I have two dataframes: 1. Describes the relationship between different quantities based on ID and 2. Contains some numerical quantities for all sets of IDs.
Using the first dataframe, I need to iterate through each row and find the corresponding index (row number) in the second dataframe (named Master in the code), to use for a mathematical operation. This is better explained in a MWE
using DataFrames
function generate_data()
Relationship = DataFrame(ID = ["A1","A2","A4"], LINK_1 = ["A5","A6","A10"],
LINK_2 = ["A3","A7",""], LINK_3 = ["A9","A11","A12"])
ID_t = collect(1:15)
ID = Vector{String}(undef,15)
for i in 1:15
ID[i]="A".*string(ID_t[i])
end
PRICE = rand(10:100,15)
Master = DataFrame(ID = ID,PRICE = PRICE)

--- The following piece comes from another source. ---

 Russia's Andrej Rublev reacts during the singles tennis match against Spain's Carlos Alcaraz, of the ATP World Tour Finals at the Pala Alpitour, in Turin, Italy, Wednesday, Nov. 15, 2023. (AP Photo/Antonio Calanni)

return Relationship, Master
end
Relationship, Master = generate_data()
x = Master.PRICE
y = Vector{Any}(undef,length(Relationship.ID))

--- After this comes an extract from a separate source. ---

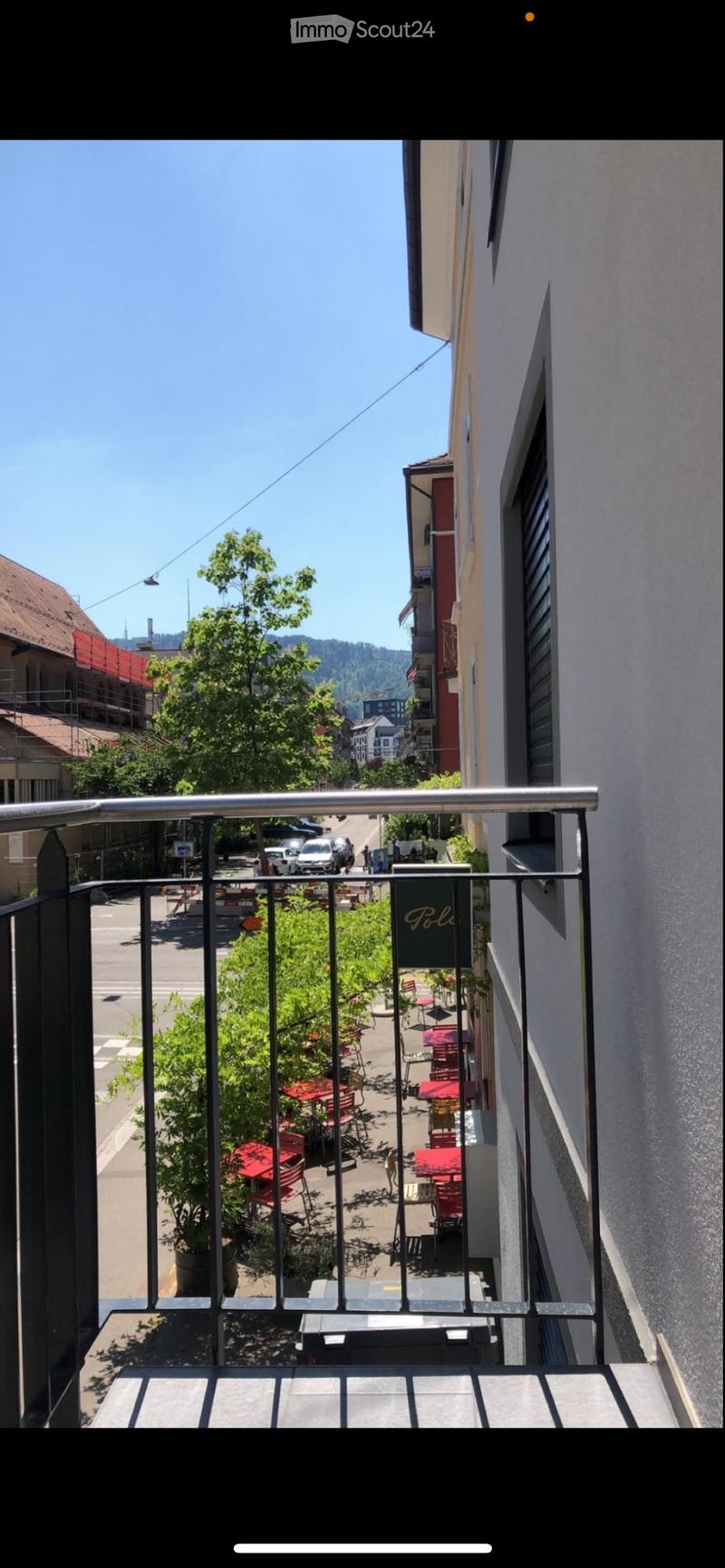 Balcony overlooking a street with outdoor seating, tables, and chairs, surrounded by buildings and trees.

# Use a loop that iterates through each row of the Relationship dataframe,
# finds index (row number) of the corresponding ID(s) in columns (LINK_1, etc.) in the Master dataframe
# and performs some mathematical operation based on it and store the results in a vector y.
# Example of mathematical operation
# y[1] = x[1]+x[5]+x[3]+x[9]
# y[2] = x[2]+x[6] + x[7]+x[11]
# y[3] = x[4] + x[10]+x[12]
1. How can I find the corresponding indices in theMasterdataframe based on the criteria of relationships set out in theRelationshipdataframe? 2. Ideally I would like to use a loop to iterate and then apply some mathematical operation such as that shown in comments in the code.

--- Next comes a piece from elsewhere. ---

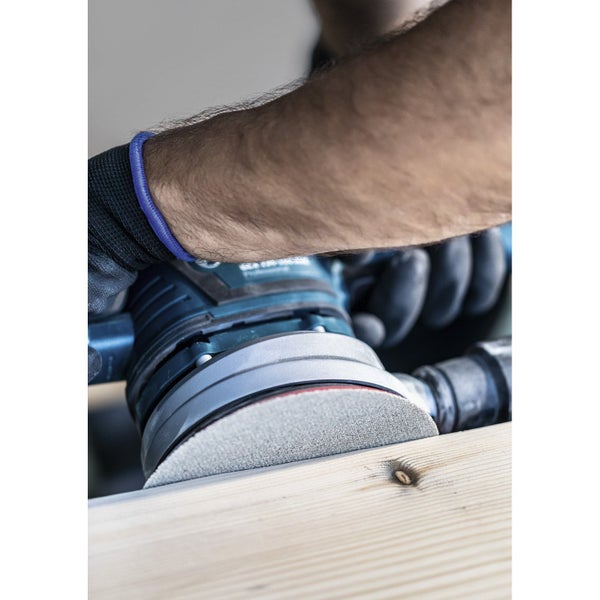 Detailaufnahme eines Exzenterschleifers in Gebrauch auf einem Holzbrett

If I use join(Relationship,Master, kind =:outer, on = intersect(names(Relationsip), names(Master))) This creates a dataframe combining columns from both dataframes. I am struggling to understand how to find indices of the IDs listed in columns LINK_1 to LINK_3 in the Master dataframe. For example in the first row A1 is linked to A5, A3 and A9. Indices for them are 5, 3 and 9.
Basically I want to do the type of calculation written in comments in the code. Obviously not manually, but using a loop or something where I read the relevant indices and store the results of the calculation in an array y.
I don’t mind how to get to that step, whether using join or something else. My knowledge of dataframes is not great, hence the question!
A DataFrame probably isn’t the right object for Master. Better to use a Dict instead
julia> d = Dict([Master.ID[i] => Master.PRICE[i] for i in 1:nrow(Master)]);
julia> function add_all(row_strs, d)
sum(get.(Ref(d), row_strs, 0))
end;
julia> map(eachrow(Relationship)) do r
add_all(collect(r[2:end]), d)
end
3-element Array{Int64,1}:
216
220
78
Can we do the same operation but using a loop and without the functions add_all and map? The reason being it will give me flexibility on the type of operation I want to do, such as multiplication, subtraction, addition, etc, whereas the add_all function is specialised for summation.
For example, a loop like this
for i in eachrow(Relationship)
y[i] = sum(x[i] for i in ....)
end
Note: The loop is not written correctly as I don’t know in this case how to use it.
It sounds like you could benefit from reading the manual a bit more. In add_all, you could just keep get.(Ref(d), row_strs, 0) and then work with that array in however way you see fit.